◆ **Directions**
Leaving out pictures, output exactly the lines below from the one that has "Rumal Checks Kaftan – Pink" through the one that has "Tailored Whiskers; A", and nothing else.

◆ **Listed entries**
□ □ □
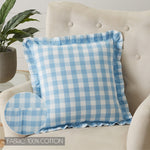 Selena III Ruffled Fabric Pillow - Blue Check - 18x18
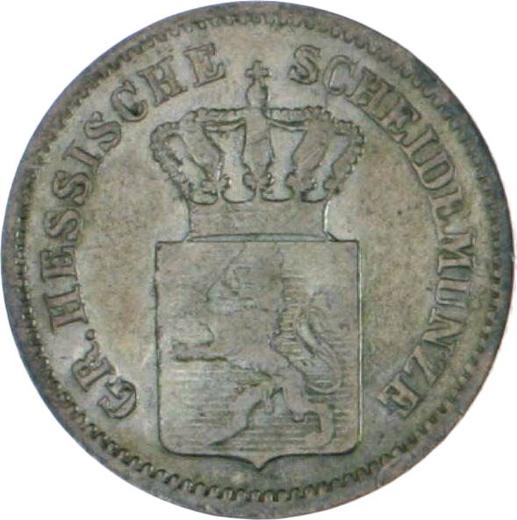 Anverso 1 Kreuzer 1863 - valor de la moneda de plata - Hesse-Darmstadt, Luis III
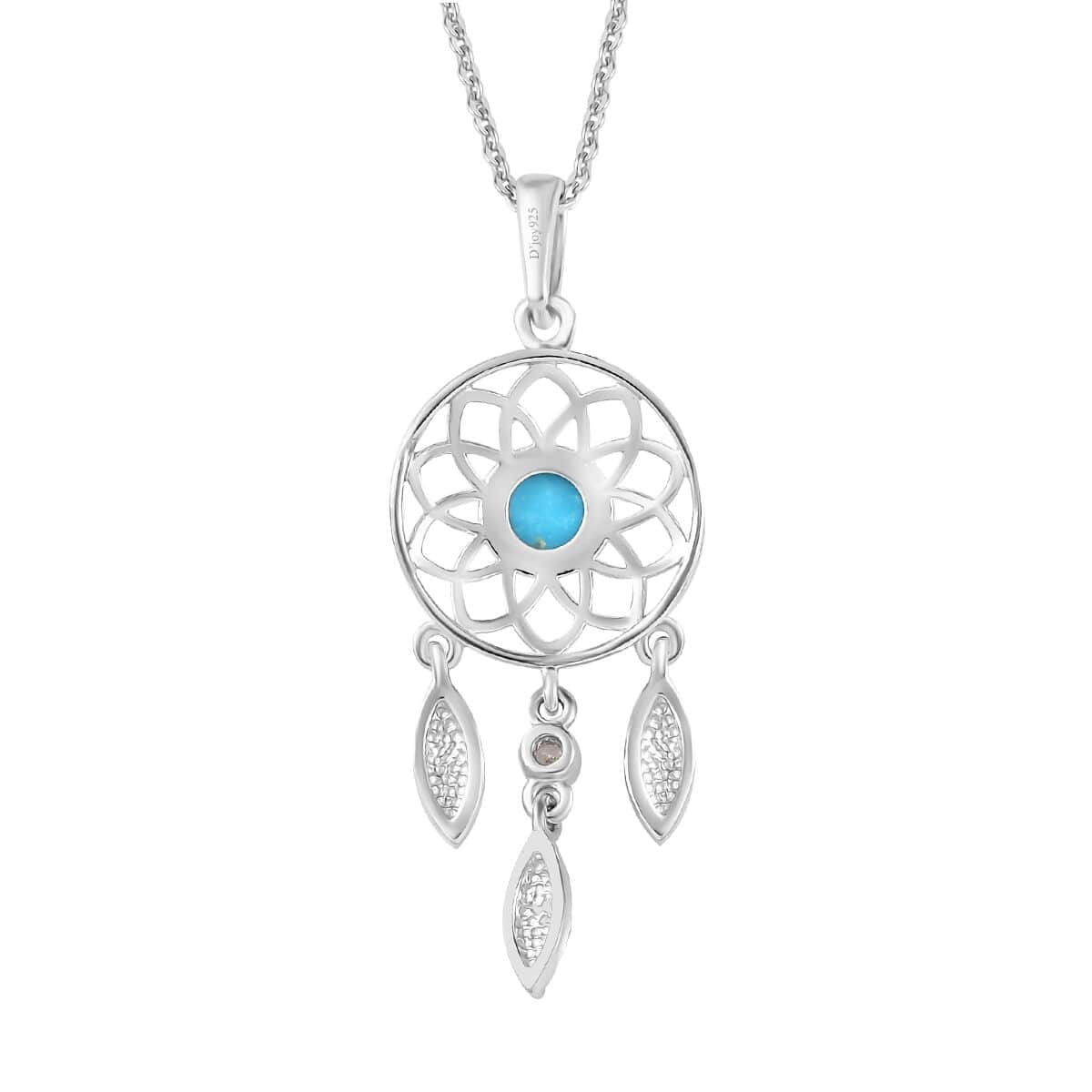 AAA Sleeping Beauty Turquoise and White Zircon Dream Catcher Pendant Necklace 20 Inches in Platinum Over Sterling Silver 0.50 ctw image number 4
□ □ □
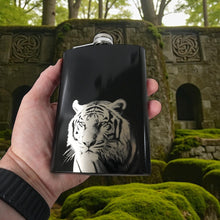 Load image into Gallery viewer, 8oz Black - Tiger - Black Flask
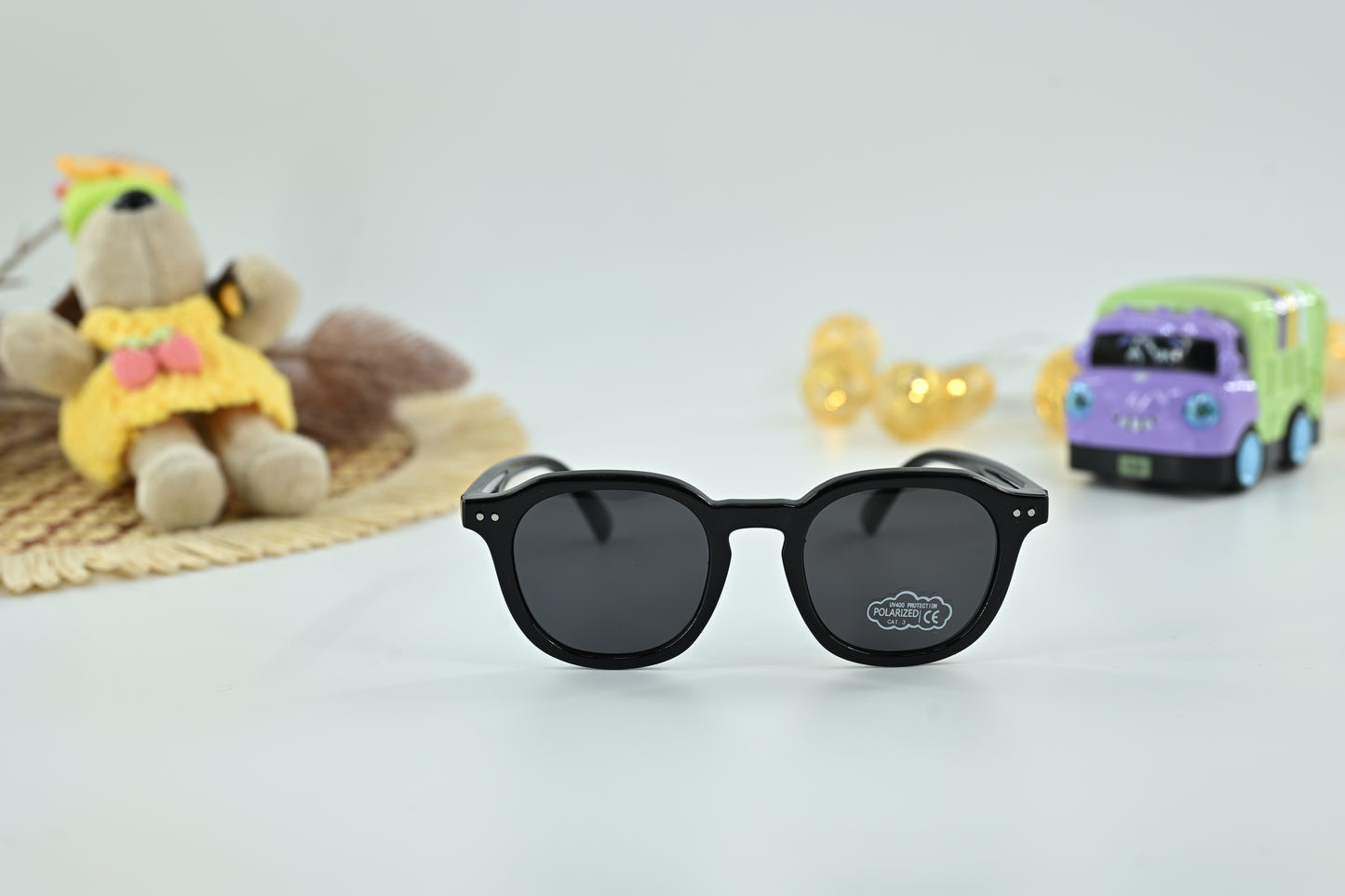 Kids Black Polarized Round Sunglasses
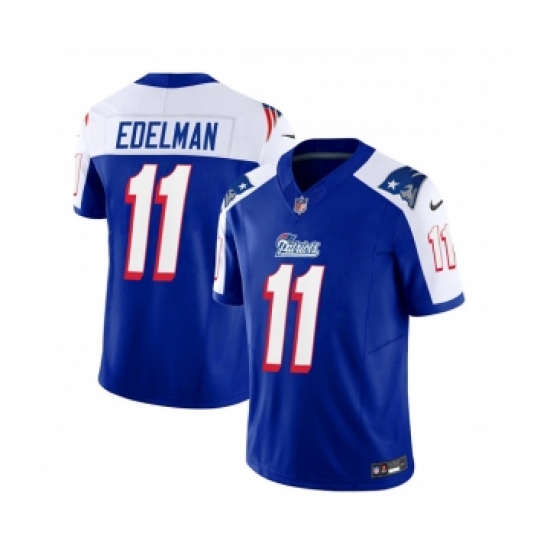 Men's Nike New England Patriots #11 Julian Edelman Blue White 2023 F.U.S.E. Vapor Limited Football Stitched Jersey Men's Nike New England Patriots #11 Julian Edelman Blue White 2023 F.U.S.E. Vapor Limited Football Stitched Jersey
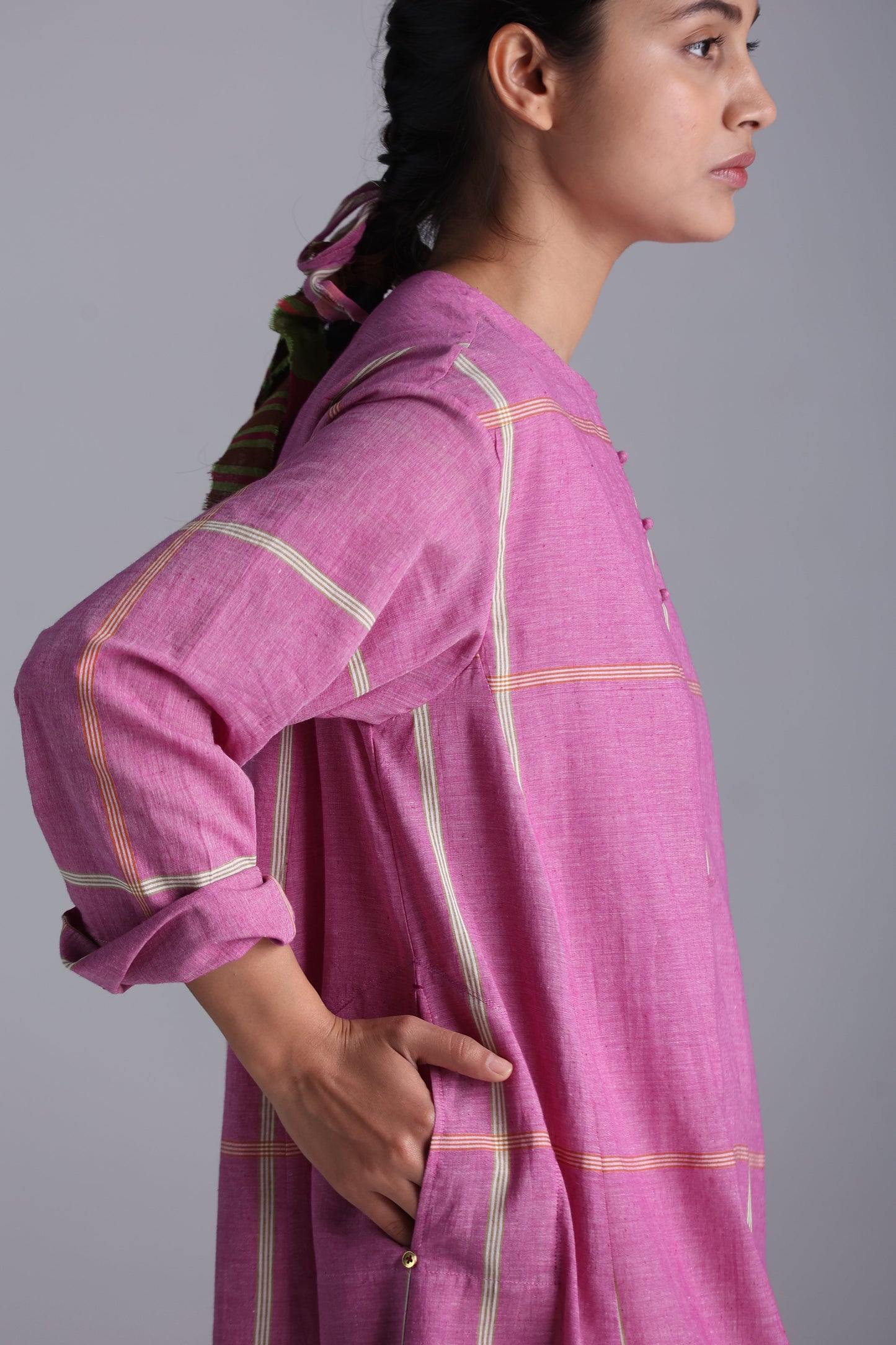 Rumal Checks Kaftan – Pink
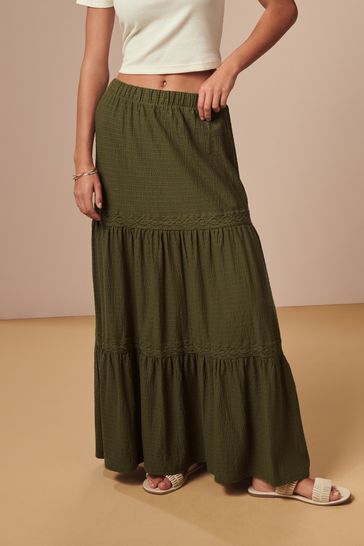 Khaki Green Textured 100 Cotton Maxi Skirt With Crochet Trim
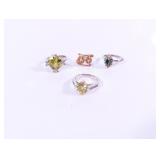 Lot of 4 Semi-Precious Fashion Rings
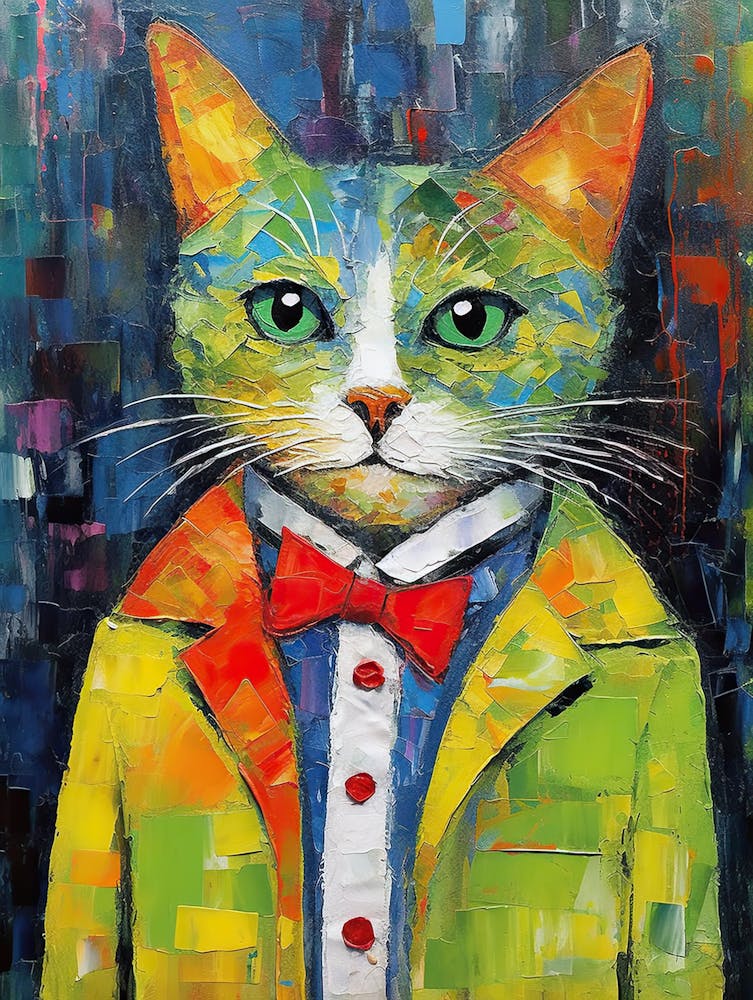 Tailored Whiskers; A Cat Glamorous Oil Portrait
□ □ □
◆ **Answer to this task**
 Rumal Checks Kaftan – Pink
 Khaki Green Textured 100 Cotton Maxi Skirt With Crochet Trim
 Lot of 4 Semi-Precious Fashion Rings
 Tailored Whiskers; A Cat Glamorous Oil Portrait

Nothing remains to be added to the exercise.